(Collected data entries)

──────────────────────────────

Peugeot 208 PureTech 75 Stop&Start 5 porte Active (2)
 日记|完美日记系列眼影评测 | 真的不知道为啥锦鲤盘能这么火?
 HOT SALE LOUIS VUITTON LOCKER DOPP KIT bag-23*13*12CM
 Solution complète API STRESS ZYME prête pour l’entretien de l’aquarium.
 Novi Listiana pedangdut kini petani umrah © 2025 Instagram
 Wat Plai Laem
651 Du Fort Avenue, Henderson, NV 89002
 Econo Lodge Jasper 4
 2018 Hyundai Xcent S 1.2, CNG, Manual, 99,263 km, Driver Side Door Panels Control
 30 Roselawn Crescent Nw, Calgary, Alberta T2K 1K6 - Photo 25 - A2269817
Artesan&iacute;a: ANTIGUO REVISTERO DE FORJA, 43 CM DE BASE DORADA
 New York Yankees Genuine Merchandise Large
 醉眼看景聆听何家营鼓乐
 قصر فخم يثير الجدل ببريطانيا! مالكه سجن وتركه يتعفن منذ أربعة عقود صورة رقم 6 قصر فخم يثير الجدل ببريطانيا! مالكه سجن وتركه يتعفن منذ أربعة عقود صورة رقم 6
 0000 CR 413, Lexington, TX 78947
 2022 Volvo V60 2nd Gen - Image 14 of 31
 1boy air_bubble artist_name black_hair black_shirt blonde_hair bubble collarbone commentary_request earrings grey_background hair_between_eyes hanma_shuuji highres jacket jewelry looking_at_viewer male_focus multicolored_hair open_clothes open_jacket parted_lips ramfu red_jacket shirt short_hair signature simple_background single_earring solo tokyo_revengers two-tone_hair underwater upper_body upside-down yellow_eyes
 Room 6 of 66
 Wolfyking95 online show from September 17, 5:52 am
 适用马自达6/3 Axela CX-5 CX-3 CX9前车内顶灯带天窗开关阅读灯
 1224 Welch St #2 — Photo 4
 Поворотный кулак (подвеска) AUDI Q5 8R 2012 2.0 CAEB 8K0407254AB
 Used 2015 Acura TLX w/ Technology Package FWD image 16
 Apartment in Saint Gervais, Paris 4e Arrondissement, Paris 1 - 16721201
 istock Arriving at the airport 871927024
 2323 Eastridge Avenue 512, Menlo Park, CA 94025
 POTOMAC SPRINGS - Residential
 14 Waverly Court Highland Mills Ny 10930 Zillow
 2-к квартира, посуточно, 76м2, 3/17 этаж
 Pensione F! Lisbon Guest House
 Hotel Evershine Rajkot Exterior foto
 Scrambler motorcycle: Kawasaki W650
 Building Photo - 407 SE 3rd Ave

──────────────────────────────

- **EXERCISE INSTRUCTIONS**
Reproduce every line above containing "Photo".

- **WRITTEN SOLUTION**
 30 Roselawn Crescent Nw, Calgary, Alberta T2K 1K6 - Photo 25 - A2269817
 1224 Welch St #2 — Photo 4
 Building Photo - 407 SE 3rd Ave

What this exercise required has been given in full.